The average worker may do well to rely on trustees or plan administrators to choose reliable investments which have proven to be lucrative in the past. The purpose of a 401k is to pool individual resources, which are collectively invested, for the collective benefit of a group of participants. Monies collectively invested afford a better opportunity to purchase a larger number of stocks, bonds and mutual funds; which can result in far greater returns than individuals singly investing smaller sums. Thus, too much diversity and self direction could have an adverse affect on the company retirement plan. Biblically speaking, a collective effort always benefits the whole: "Neither was there any among them that lacked: for as many as were possessors of lands or houses sold them, and brought the prices of the things that were sold. And laid them down at the apostle's feet: and distribution was made unto every man according as he had need (Acts 4:34-35).
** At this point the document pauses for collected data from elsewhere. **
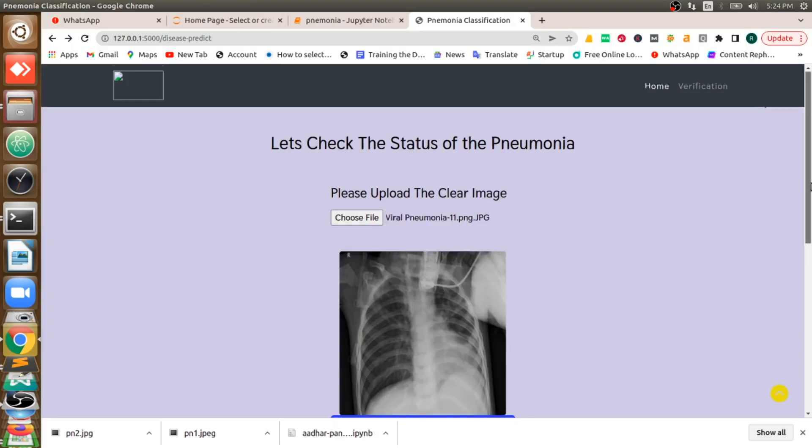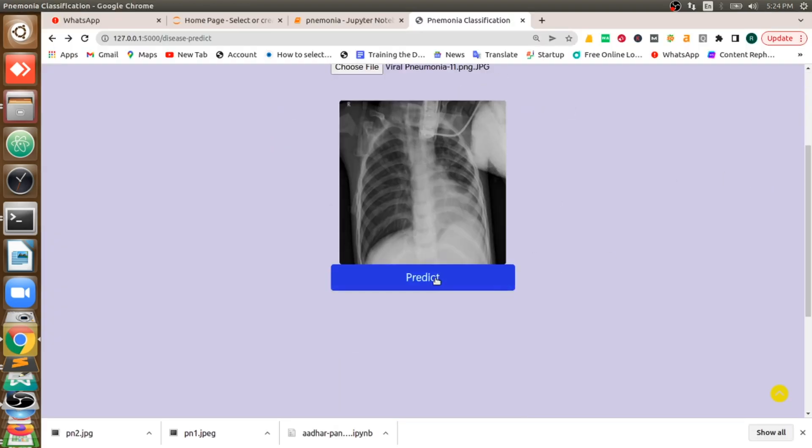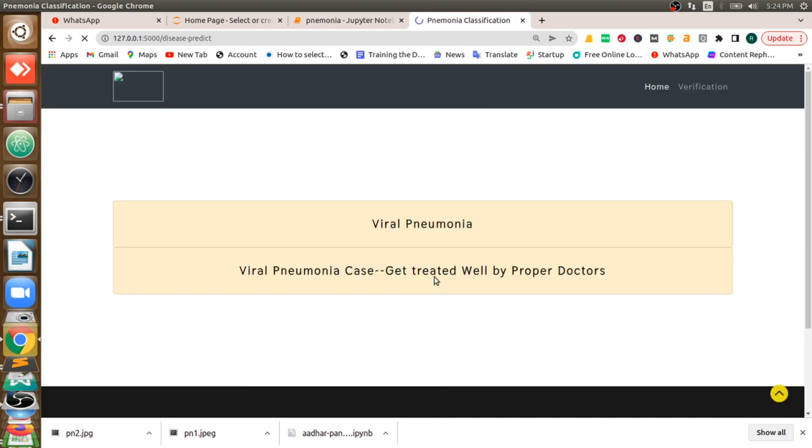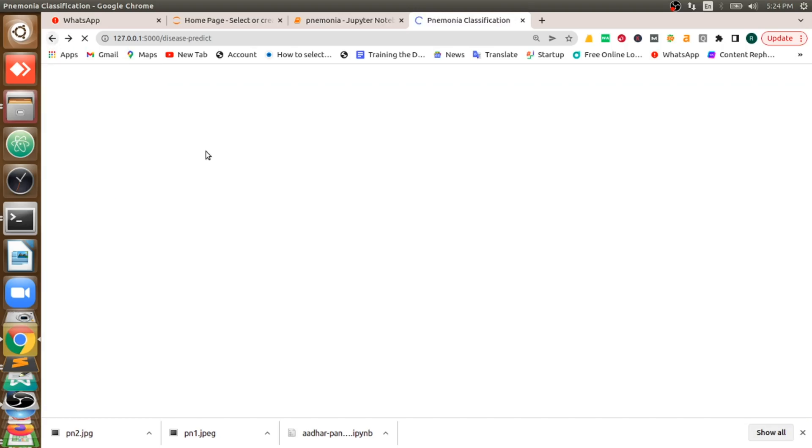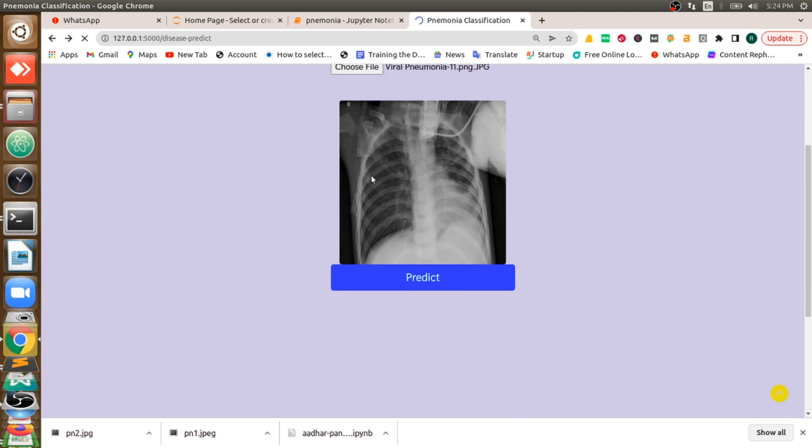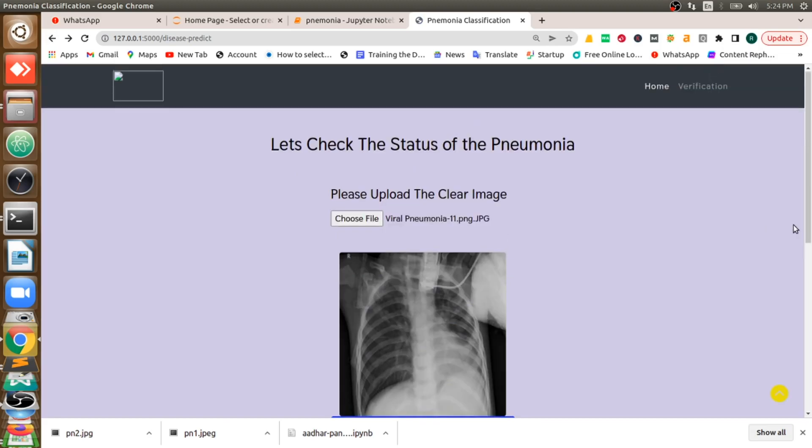Ask for prediction. You can see even viral pneumonia is detected with more than 95% accuracy for that particular class.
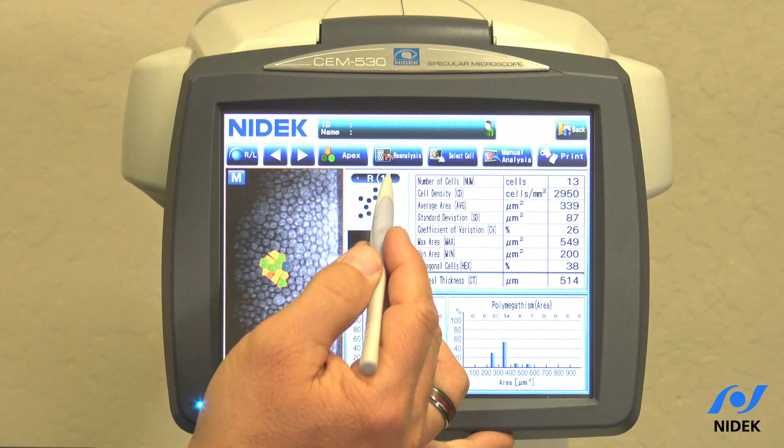Over here on the analyzed table we can see the number of cells that were counted, what the cell density is, and what the average area of endothelium that was analyzed, and the standard deviation of the analysis.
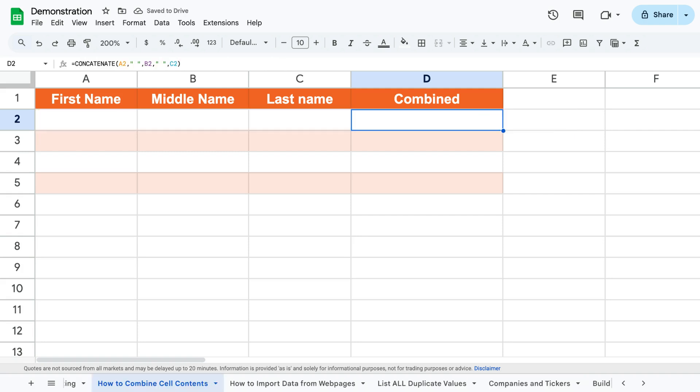Now we can drag this formula to the other cells where we also want to combine inputs.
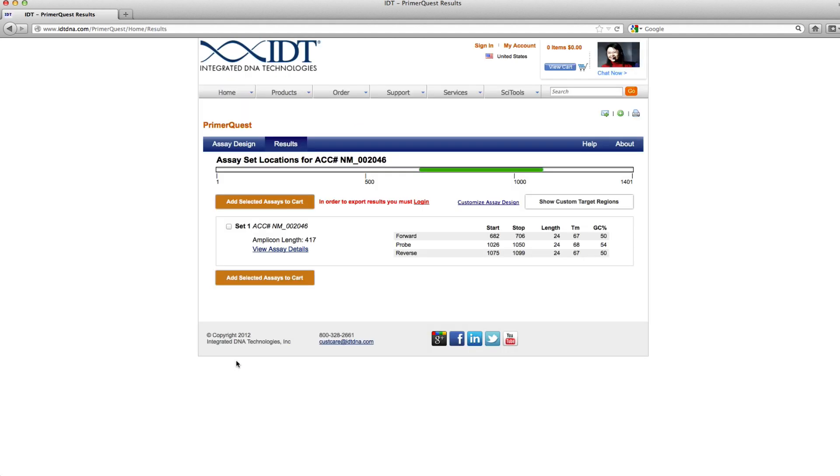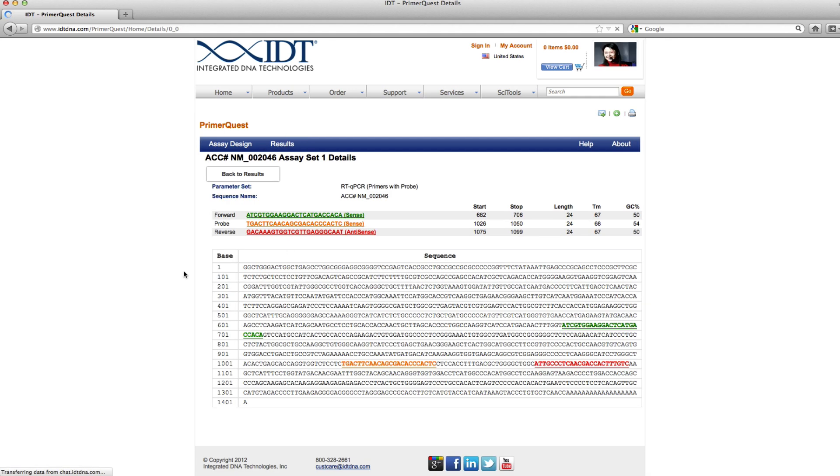I'm going to go ahead and click get assays, and as you can see it did give me one set returned. If I wanted to see the actual probe sequence, I can go ahead and click view assay details just to double check to make sure that my forward and reverse primers are the ones that I actually input into the tool, which it is.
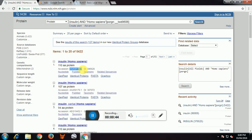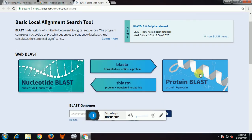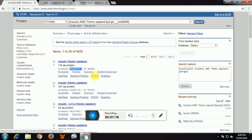We have kept insulin as an example in the majority of our videos. Just go to protein and then type 'insulin Homo sapiens'. We are going to select the first sequence as the result, which is the accession number highlighted over there. That particular sequence we will be taking for protein BLAST, so I will copy-paste that accession number and go to the BLAST page.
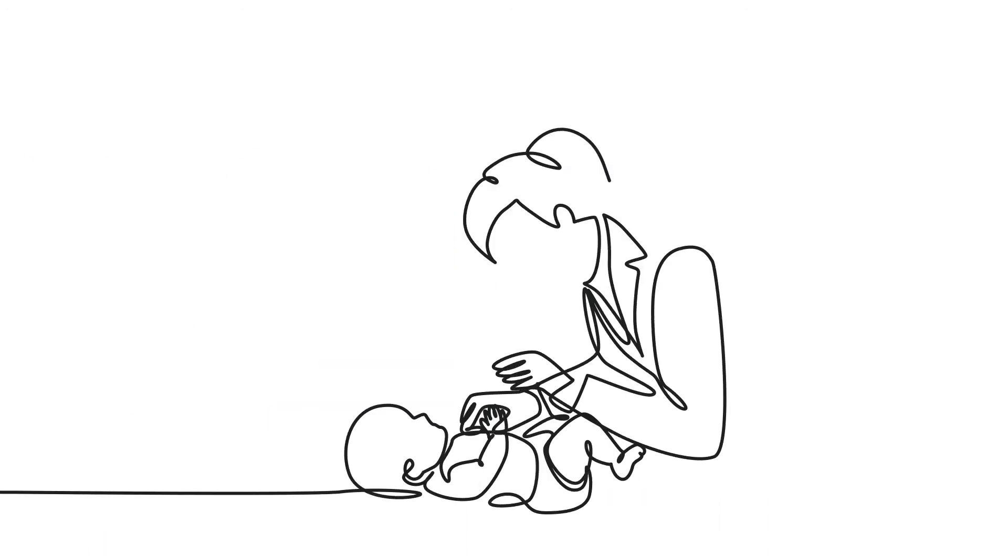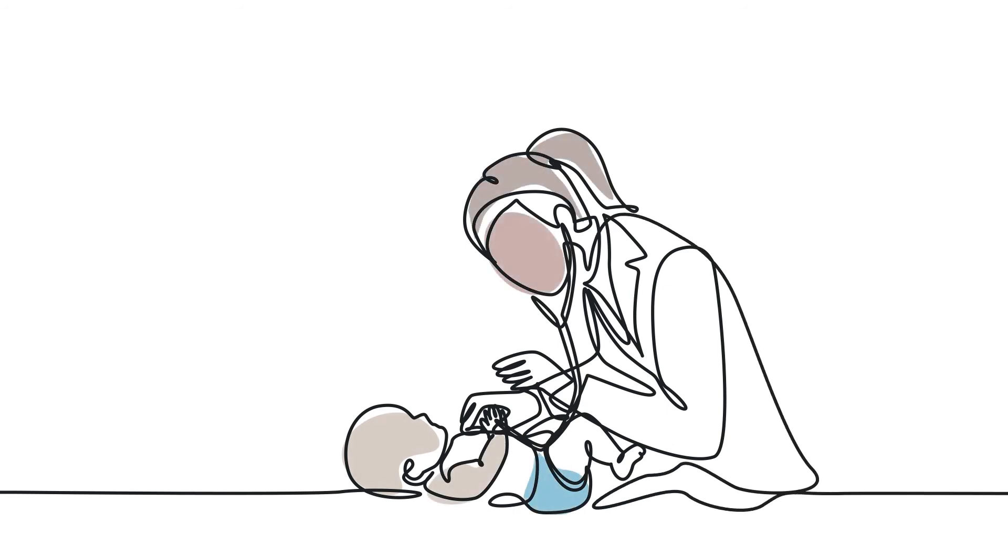Every case of MPS1 is different and it may be difficult to identify, but early diagnosis and treatment will ensure that patients can have the highest quality of life possible.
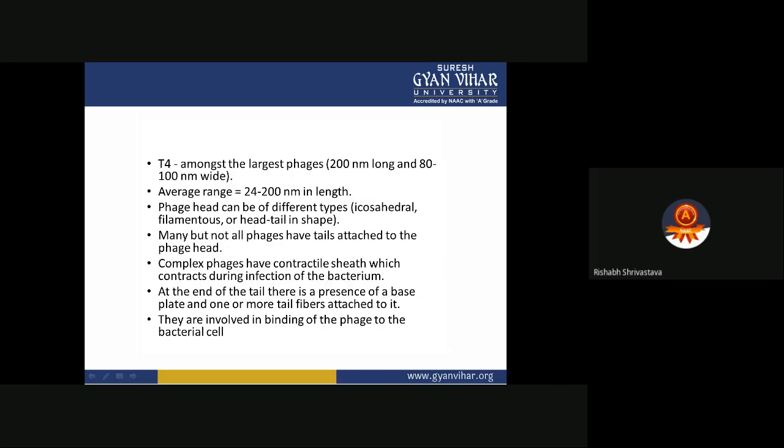For example, the T4 phage is among the largest phages — 200 nanometers long and 80 to 200 nanometers wide — with an average range of 24 to 200 nanometers in length. The phage head can be icosahedral, filamentous, or head-tail in shape. Many, but not all, phages have tails attached to the phage head. The T4 phage does have a tail. Complex phages have a contractile sheath which contracts during infection of the bacteria.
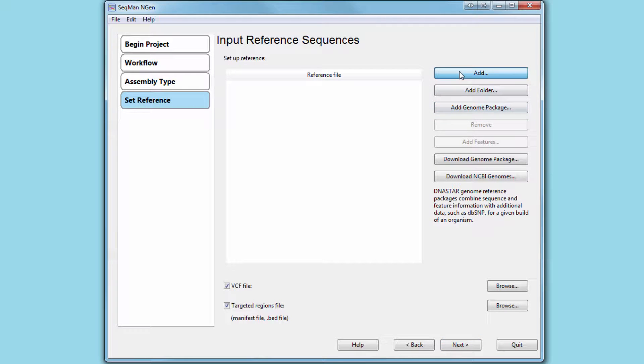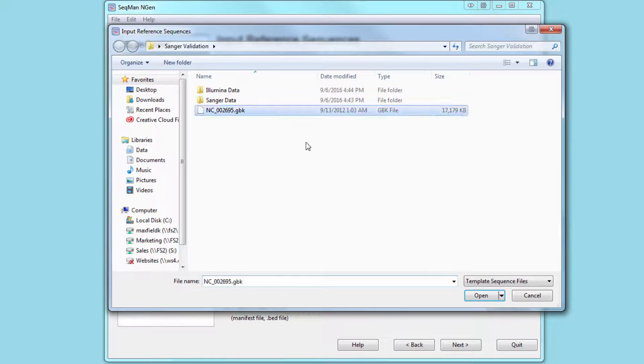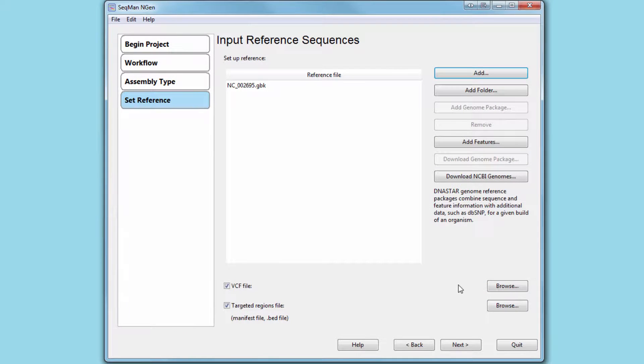In this example, I'm working with E. coli data, and I'm going to use a GenBank file as my reference. You may also wish to use one of our genome template packages.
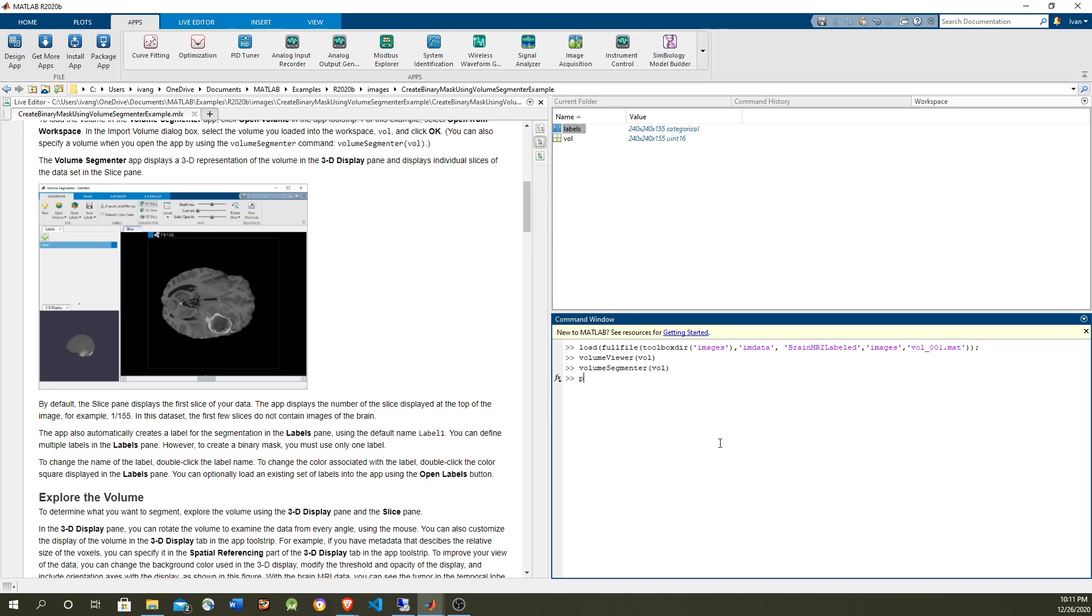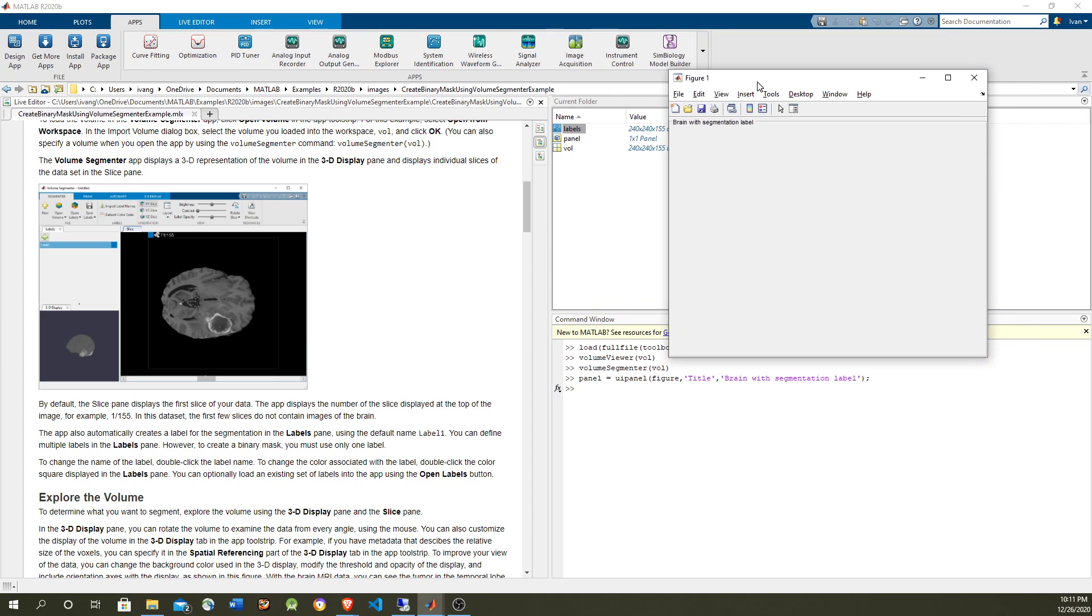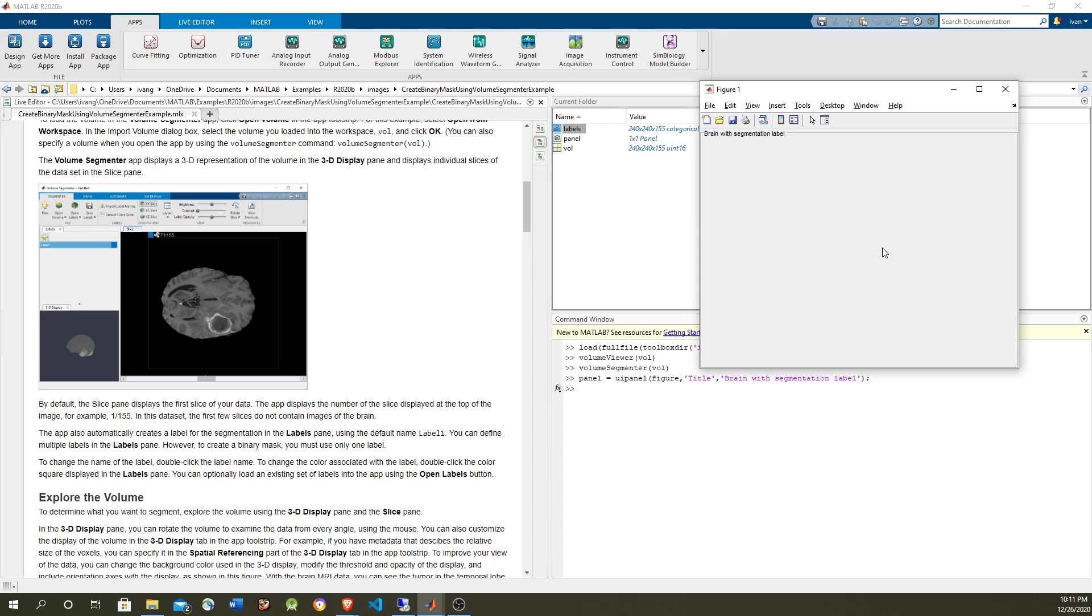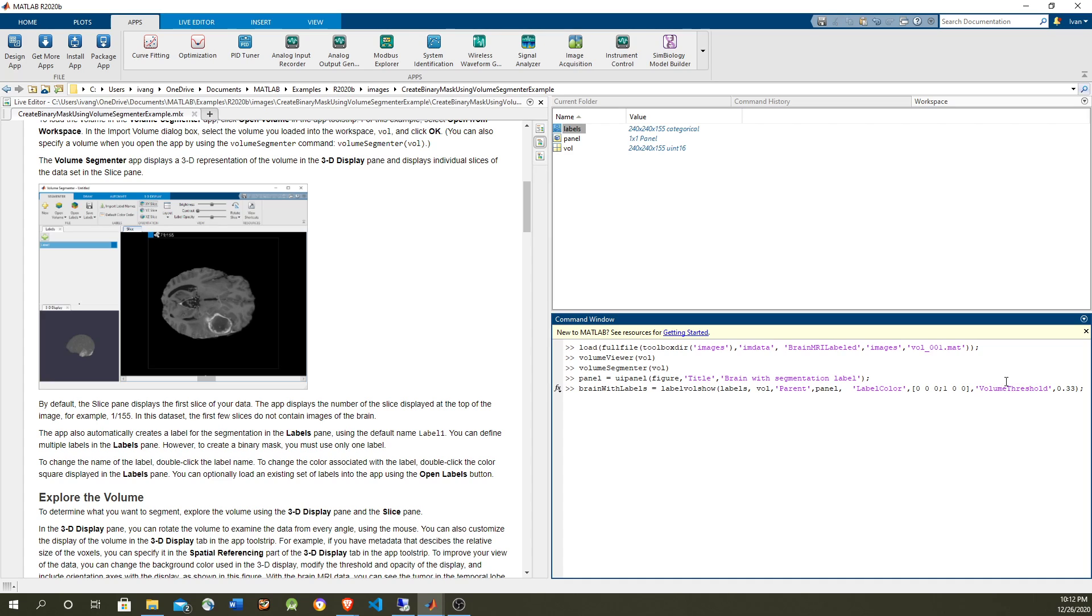So now let's visualize it. Let's use a UI panel which is a figure, and we're going to display the image there. We're going to overlay the labels with the volume and we're going to put a transparency of 0.33 to the volume labels, because otherwise the volume is going to cover the whole tumor and we're not going to see it. So we're going to use this 0 and red as the label color map.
Retirement planning is not only a concern for 9-to-5 employees, but also for the self-employed. But, defined contribution plans have traditionally been only available through corporations, small business enterprises, and industries. But ,the 401k for self employed sole proprietors with zero employees (freelancers, consultants, lawyers, performing artists, and healthcare providers) can make the dream of funding retirement a reality. Unlike a traditional plan, which limits annual contributions to $15,500 for participants under 50, the 401k for self employed entrepreneurs allows contributions of up to a whopping $44,000 a year! The catch up contribution for individuals over 50 is the same: $5,000. Ideally, a self-employed senior could rack up assets of nearly $50,000 in the first year of enrollment! The 401k for self employed individuals acts like a SDBA in that it allows participants to invest in an almost unlimited range of investments: from private and publicly held companies, commodities, and real estate to private equity, mutual funds and stocks. Collectibles, like insurance policies, personal residences, or any investment that can be personally benefited from are prohibited. The 401k for self employed persons gives individual entrepreneurs the same advantages as those workers who punch a clock. Employees who prefer to take control of retirement plan assets and investments should consider the self directed 401k and consult with plan administrators to see if opening a self directed brokerage account might be advantageous. Whether employed by a company or working solo, seeking the advice of a professional financial planner and exploring investment options is a prudent plan for a profitable future retirement.